(Brief descriptive captions)
☆ ☆ ☆ ☆

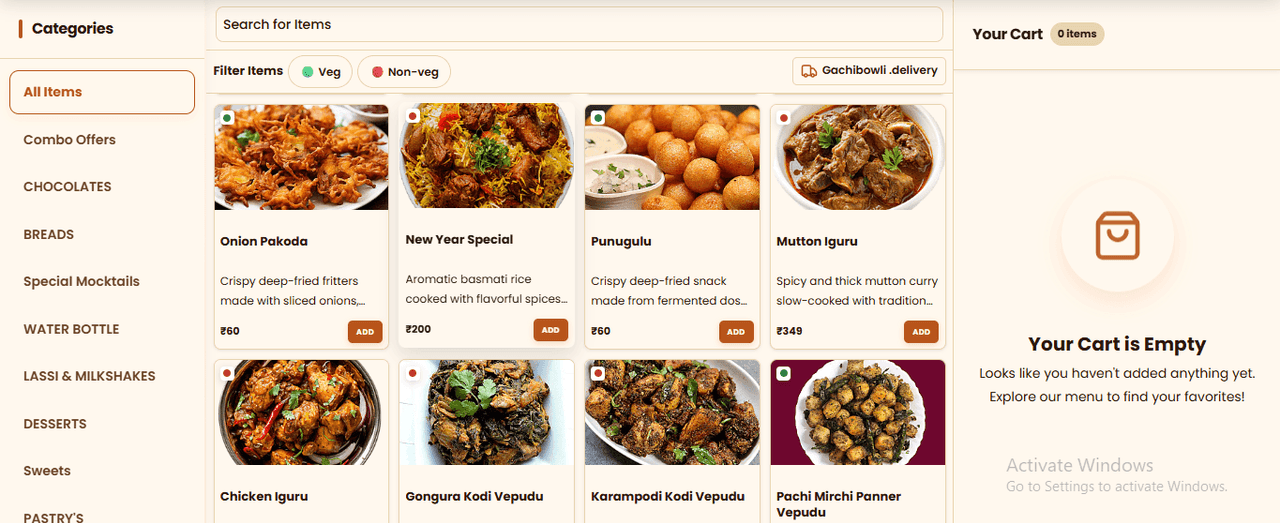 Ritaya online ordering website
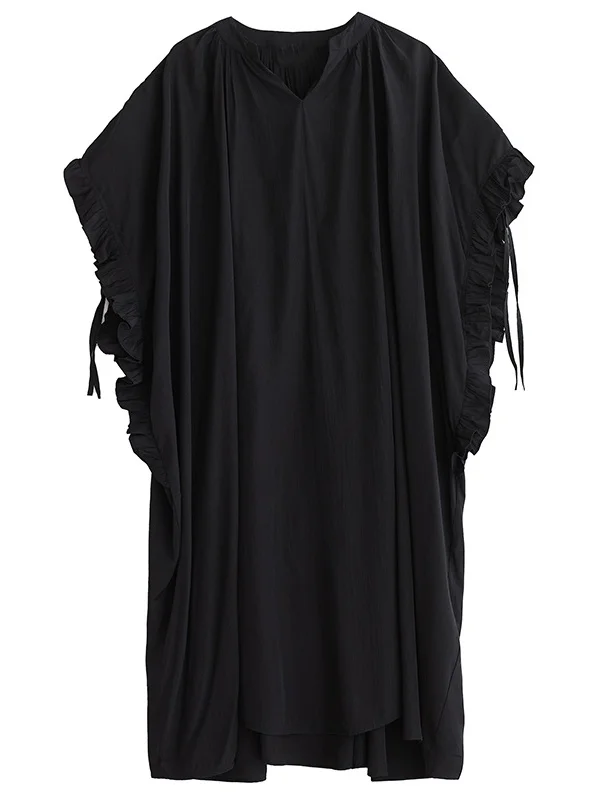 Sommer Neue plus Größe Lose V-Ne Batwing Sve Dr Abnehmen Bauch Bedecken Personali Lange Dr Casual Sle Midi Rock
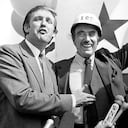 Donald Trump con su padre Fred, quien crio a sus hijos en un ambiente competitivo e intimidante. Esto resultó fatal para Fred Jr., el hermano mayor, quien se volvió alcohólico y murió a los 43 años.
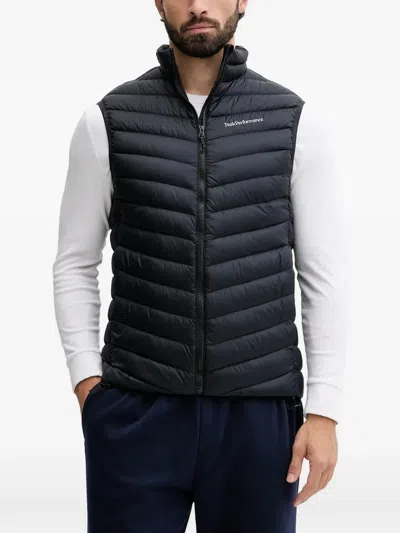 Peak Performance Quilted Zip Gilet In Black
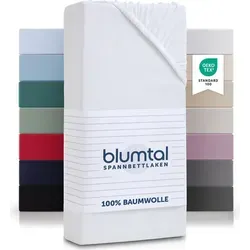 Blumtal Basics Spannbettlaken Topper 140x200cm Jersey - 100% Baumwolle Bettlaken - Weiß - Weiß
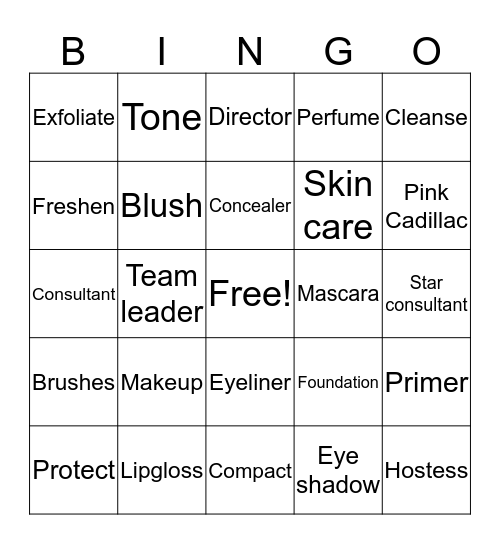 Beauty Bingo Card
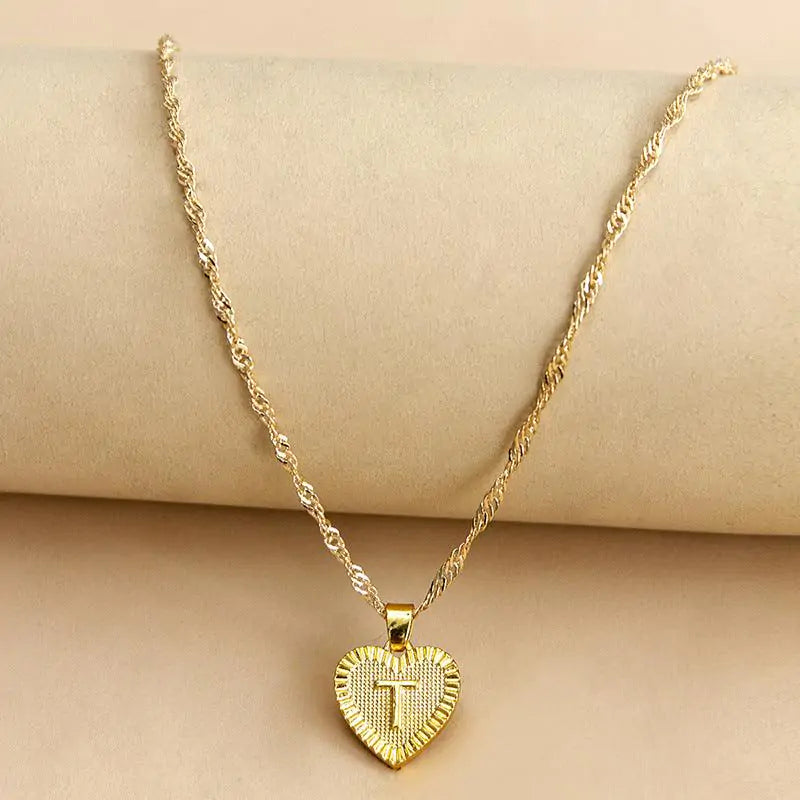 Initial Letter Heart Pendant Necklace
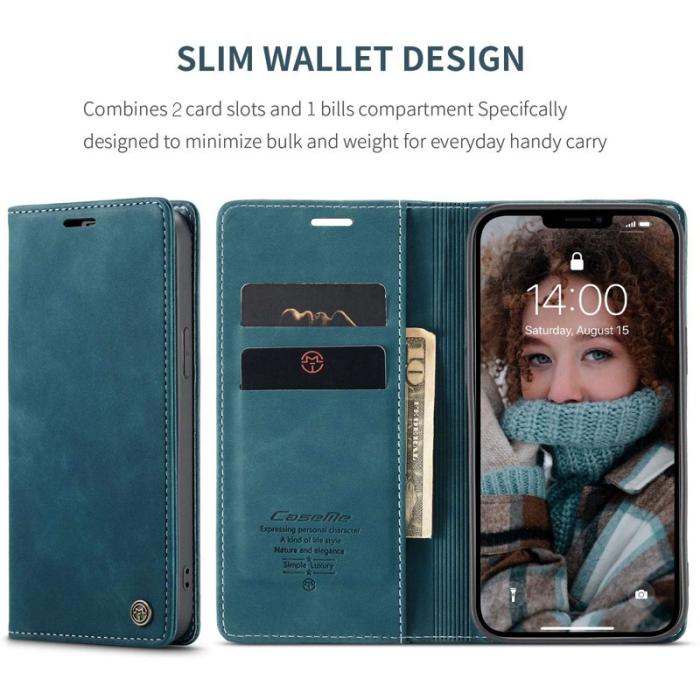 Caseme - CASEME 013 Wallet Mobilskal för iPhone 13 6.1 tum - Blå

☆ ☆ ☆ ☆

:: WHAT YOU WILL DO ::
Beginning with the line that holds "Beauty Bingo Card" and continuing to the end of the entries above, set down each line exactly, both ends included; include no pictures.

:: ANSWER SPACE ::
 Beauty Bingo Card
 Initial Letter Heart Pendant Necklace
 Caseme - CASEME 013 Wallet Mobilskal för iPhone 13 6.1 tum - Blå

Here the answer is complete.